Inhibition of Amyloid Fibril Growth and Dissolution of Amyloid Fibrils by Curcumin–Gold Nanoparticles

Inhibition of amyloid fibrillation and clearance of amyloid fibrils/plaques are essential for the prevention and treatment of various neurodegenerative disorders involving protein aggregation. Herein, we report curcumin-functionalized gold nanoparticles (Au-curcumin) of hydrodynamic diameter 10-25 nm, which serve to inhibit amyloid fibrillation and disintegrate/dissolve amyloid fibrils. In nanoparticle form, curcumin is water-soluble and can efficiently interact with amyloid protein/peptide, offering enhanced performance in inhibiting amyloid fibrillation and dissolving amyloid fibrils. Our results imply that nanoparticle-based artificial molecular chaperones may offer a promising therapeutic approach to combat neurodegenerative disease.

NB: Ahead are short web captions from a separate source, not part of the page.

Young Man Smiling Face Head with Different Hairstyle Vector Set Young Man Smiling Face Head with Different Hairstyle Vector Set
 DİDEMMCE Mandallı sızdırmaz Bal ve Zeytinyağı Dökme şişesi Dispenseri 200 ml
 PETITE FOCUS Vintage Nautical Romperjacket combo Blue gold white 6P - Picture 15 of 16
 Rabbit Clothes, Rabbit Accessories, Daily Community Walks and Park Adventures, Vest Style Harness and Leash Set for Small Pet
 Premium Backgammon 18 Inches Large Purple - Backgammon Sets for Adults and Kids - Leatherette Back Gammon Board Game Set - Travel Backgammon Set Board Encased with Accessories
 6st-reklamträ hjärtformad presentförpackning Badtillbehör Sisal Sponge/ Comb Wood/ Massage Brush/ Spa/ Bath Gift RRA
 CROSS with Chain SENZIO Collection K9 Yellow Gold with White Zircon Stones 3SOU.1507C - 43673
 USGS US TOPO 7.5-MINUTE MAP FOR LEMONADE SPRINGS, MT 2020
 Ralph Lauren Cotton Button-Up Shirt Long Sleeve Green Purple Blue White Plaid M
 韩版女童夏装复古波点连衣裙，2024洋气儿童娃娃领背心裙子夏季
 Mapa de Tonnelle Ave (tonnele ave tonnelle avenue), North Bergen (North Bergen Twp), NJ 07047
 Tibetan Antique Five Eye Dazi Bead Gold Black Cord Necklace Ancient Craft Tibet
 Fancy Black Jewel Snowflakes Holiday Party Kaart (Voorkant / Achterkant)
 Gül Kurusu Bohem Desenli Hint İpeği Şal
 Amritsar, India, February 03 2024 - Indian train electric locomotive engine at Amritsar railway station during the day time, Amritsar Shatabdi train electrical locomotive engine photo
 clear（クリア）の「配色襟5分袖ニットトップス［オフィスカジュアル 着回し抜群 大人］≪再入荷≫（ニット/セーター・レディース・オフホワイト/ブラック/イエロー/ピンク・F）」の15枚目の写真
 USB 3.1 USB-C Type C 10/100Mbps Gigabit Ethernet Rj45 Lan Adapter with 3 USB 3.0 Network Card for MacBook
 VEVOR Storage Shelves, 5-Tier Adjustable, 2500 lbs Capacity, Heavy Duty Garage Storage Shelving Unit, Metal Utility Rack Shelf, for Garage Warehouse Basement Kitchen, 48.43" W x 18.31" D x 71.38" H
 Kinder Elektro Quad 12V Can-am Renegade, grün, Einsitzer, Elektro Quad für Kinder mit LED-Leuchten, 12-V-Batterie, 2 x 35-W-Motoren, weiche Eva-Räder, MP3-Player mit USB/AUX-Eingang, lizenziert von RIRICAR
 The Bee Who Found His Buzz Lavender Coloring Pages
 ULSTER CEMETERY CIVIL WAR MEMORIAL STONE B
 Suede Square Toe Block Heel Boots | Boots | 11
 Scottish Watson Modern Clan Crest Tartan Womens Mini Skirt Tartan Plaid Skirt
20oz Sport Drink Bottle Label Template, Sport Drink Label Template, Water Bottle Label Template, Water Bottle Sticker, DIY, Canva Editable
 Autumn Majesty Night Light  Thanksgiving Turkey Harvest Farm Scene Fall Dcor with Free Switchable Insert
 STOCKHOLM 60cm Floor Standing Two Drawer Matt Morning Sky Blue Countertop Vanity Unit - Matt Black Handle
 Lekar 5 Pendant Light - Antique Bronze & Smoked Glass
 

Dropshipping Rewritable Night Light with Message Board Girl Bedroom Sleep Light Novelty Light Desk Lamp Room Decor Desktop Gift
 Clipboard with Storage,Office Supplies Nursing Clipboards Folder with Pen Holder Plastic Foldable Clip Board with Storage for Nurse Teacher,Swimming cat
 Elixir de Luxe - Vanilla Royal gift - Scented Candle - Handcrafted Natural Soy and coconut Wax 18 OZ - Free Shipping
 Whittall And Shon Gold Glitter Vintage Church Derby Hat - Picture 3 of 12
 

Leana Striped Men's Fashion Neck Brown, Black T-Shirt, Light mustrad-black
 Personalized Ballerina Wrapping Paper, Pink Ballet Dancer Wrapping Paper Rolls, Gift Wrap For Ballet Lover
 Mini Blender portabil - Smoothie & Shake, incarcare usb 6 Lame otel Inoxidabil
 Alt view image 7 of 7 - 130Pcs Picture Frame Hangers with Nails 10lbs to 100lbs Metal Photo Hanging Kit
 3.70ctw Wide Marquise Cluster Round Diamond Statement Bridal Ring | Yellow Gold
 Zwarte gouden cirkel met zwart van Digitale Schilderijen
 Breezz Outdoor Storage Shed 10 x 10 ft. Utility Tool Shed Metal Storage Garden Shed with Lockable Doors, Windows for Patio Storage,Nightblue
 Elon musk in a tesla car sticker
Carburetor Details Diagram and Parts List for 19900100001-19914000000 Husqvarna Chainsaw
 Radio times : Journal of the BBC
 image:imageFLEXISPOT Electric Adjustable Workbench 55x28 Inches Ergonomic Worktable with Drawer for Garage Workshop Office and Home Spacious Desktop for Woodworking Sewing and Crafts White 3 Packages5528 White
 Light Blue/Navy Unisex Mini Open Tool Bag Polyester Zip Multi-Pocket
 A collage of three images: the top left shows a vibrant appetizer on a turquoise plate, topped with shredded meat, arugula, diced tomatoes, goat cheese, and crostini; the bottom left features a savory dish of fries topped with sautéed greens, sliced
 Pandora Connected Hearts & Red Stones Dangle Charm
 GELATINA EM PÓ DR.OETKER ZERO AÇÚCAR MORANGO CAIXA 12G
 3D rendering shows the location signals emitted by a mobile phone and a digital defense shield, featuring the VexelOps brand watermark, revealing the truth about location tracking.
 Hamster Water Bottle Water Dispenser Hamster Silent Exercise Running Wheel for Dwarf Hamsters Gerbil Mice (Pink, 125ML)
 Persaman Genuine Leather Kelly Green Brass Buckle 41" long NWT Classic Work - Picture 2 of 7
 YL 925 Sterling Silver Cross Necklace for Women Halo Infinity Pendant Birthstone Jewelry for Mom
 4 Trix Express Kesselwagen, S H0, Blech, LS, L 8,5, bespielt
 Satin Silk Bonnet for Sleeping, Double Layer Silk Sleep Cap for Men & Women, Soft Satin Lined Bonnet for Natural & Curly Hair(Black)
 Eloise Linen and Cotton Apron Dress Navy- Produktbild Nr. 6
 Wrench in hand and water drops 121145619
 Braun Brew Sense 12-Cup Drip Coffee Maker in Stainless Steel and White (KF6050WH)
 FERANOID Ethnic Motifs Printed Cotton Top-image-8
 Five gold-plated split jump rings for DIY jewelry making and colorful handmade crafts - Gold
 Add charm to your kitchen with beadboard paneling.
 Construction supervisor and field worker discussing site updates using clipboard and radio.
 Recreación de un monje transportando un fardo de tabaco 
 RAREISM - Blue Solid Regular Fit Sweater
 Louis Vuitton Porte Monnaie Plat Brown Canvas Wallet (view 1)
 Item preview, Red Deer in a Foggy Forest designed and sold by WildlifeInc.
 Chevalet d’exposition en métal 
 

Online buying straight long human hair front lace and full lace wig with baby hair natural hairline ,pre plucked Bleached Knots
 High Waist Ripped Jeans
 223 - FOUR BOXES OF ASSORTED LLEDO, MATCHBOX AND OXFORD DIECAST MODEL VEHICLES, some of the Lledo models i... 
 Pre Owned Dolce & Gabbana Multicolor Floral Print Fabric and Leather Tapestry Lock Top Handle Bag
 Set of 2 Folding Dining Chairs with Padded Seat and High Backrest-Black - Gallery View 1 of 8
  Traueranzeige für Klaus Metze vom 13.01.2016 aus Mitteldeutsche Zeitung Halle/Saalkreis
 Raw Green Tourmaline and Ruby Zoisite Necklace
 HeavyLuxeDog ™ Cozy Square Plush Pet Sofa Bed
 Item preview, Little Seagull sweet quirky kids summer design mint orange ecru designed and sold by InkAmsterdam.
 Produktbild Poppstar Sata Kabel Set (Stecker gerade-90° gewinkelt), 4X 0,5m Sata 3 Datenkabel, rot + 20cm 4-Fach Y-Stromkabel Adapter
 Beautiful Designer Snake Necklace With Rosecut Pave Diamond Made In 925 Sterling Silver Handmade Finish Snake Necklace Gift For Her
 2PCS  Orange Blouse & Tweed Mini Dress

Thiol‐Directed Synthesis of Highly Fluorescent Gold Clusters and Their Conversion into Stable Imaging Nanoprobes

Fluorescent gold clusters (FGCs) with tunable emission from blue to red and quantum yields in the range of 6-17% have been synthesized by simple modification of the conditions used for the synthesis of gold nanoparticles, namely by replacing the stronger reducing agent with a controlled amount of thiol. Various functional FGCs with hydrodynamic diameters of 5-12 nm have been successfully synthesized and used as cell labels. The results of our investigations strongly indicate that FGCs composed of Au(0) are more stable imaging probes than commonly reported red/NIR-emitting FGCs with a composition of Au(0)/Au(I), as this combination rapidly transforms into nonfluorescent large clusters on exposure to light. The FGC-based nanoprobes reported herein exhibit stable fluorescence upon continuous light exposure and can be used as imaging probes with low cytotoxicity.

Glucose/galactose/dextran-functionalized quantum dots, iron oxide and doped semiconductor nanoparticles with <100 nm hydrodynamic diameter

Cyanoborohydride based mild conjugation chemistry has been exploited for the covalent linkage between the reducing end of carbohydrates and primary amine terminated nanoparticles. The conjugation method has been extended to different nanoparticles such as quantum dots (QDs), iron oxide or doped semiconductor nanoparticles and different carbohydrates like maltose, lactose or dextran. Water soluble nanoparticles with a tunable surface charge and a hydrodynamic diameter between 20–100 nm have been synthesized that are terminated with glucose, galactose or dextrans of different molecular weights. Carbohydrate functionalized nanoparticles have been successfully used as nanoprobes for glycoprotein sensing and cellular targeting/imaging applications. The results show that carbohydrate functionalization offers enhanced labeling specificity and reduces the non-specific binding of nanoparticles.

Folate and biotin based bifunctional quantum dots as fluorescent cell labels

Although nanoprobes functionalized with one type of affinity molecule are commonly used as bioimaging probes, biolabeling studies of nanoprobes functionalized with more than one type of affinity molecule remains an unexplored area of research. Here we show that the labeling specificity of a nanoprobe can be enhanced if they are functionalized with more than one type of affinity molecule. We have synthesized functional quantum dots (QDs) of 20–30 nm hydrodynamic diameter having both folate and biotin on their surface. This dual functional nanoprobe has an enhanced labeling specificity to cancer cells/tissue as compared to folate or biotin based monofunctional QDs.